In an effort to pay off the national foreign debt, Tomiak Pankov has rationed everything: electricity, petrol, food. He’s
starving
the country, and the continual power outages leave even a city of seventeen
thousand
in complete darkness at night.”
He turned off the television, because seeing it from the outside made him ill. Like most people—like myself, for instance—Gavra could not dispute the facts. Like everyone else, he knew that the Party newspaper,
The Spark,
would call the demonstrators “imperialist-financed counterrevolutionary agitators” and never report the reason for their gathering—to protest the recent arrest of a priest, Father Eduard Meyr. But also like the rest of ours, Gavra’s time was strained enough with his job, his friends, and himself. All he could do, sitting on an American motel bed, was focus on what he’d come to do: find a man and make a telephone call.
He found a fat telephone directory under the bedside table and flipped through it looking for “firearms.” There they were, amazingly, five gun stores. The closest was Bob Moates Gun Shop, on Hull Street. He marked it on his rental car map.
He dressed as he knew the Americans dressed: casually. A pair of Levi’s he’d picked up in a private Ministry store last year and a black polo shirt. He took out the NY baseball cap from La Guardia but was already too appalled by his outfit to add it.
The turnpike was busy with morning traffic. It took twenty minutes to find the windowless brick building with a steel door. The inside was lined with glass cases full of armaments. A fat man with a T-shirt and tattoos up his arms ate Ruffles potato chips behind the cases. “Morning.”
“Morning,” said Gavra.
“What can I do you for?”
“I’m looking for a gun.”
“Well, I’d say you came to the right place.”
“I suppose I did.”
“Rifle, maybe? Just got in two AK-47s. Russian, you know.”

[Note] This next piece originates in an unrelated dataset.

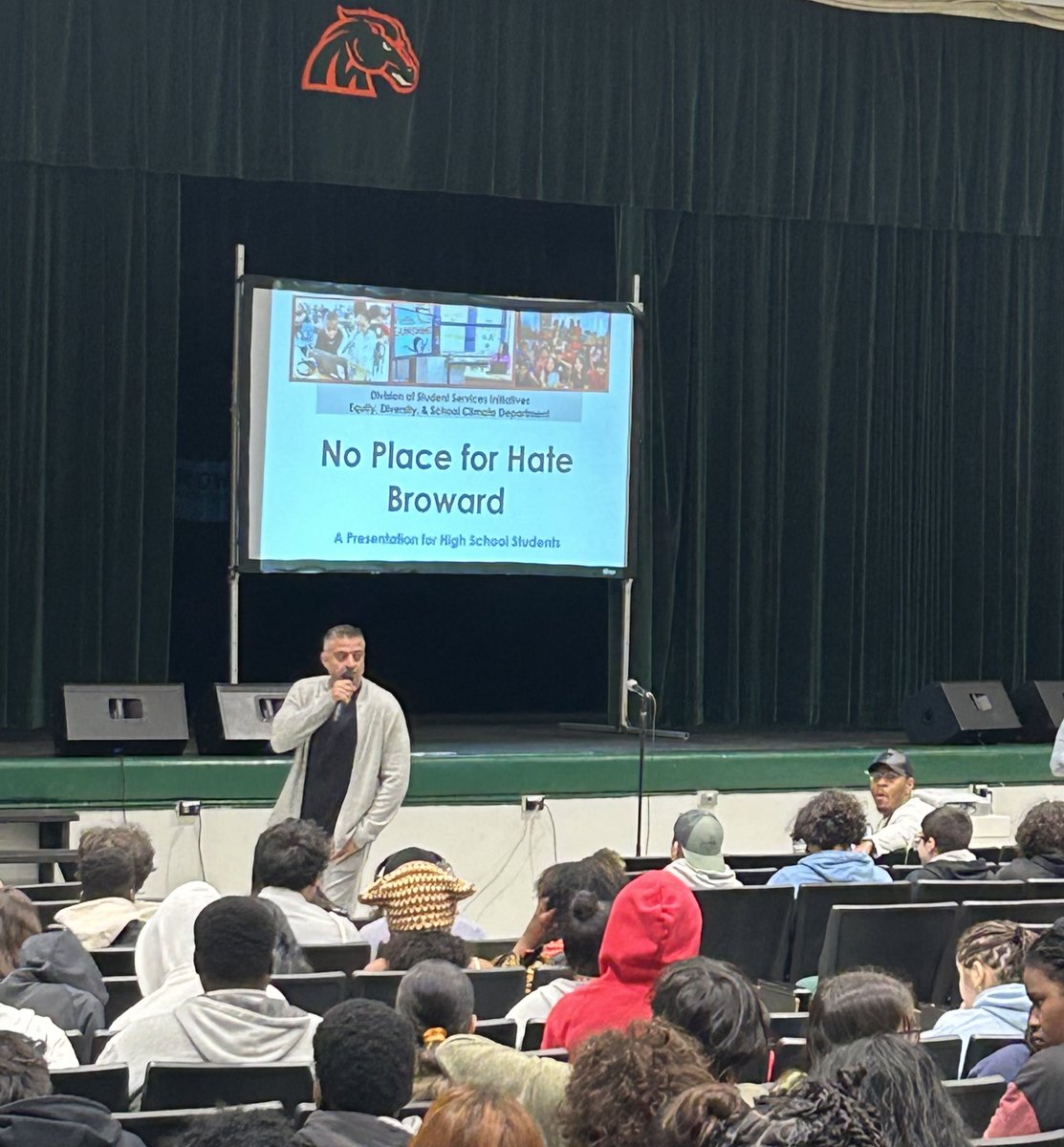 No Place For Hate Assembly @McArthur_HS @BrittanyMeinsen @abroomsville @MrCainBroward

“A little smaller, I think.”
In the end he settled for a Polish P-83 with twenty rounds of 9mm cartridges, then bought three rolls of quarters. The clerk placed the pistol and ammunition into a paper sack and wished him a good day.
One more thing to do, then he could sleep.
He drove back, past the motel, to where, on the right, a ring of stores spread. At the entrance, a large wooden sign proclaimed
BRAN-DERMILL,
and beyond it were more trees—it was more like a forest than the “housing project” he’d imagined. Another right placed him inside the paved ring of parked cars and shops. A plaza, they called it.
At the far end was a massive Safeway grocery store. Its windows were decorated with fake white snow and a cardboard Santa Claus leading twelve reindeer into the sky. Near its front door was a telephone booth. At this hour—noon—he had to avoid running over brightly dressed shoppers while searching for a parking spot.
He shoved coins into the pay phone, shivering as he dialed the long number. After ten rings he gave up, cupping his hand to catch the money the phone returned.
It was six in the evening back home, so the Lieutenant General had probably left for the day. He shoved in the coins again and tried the Ministry switchboard’s international access line. An operator picked up. “Welcome to Eastern Expressions, the world through the beauty of icon paintings.”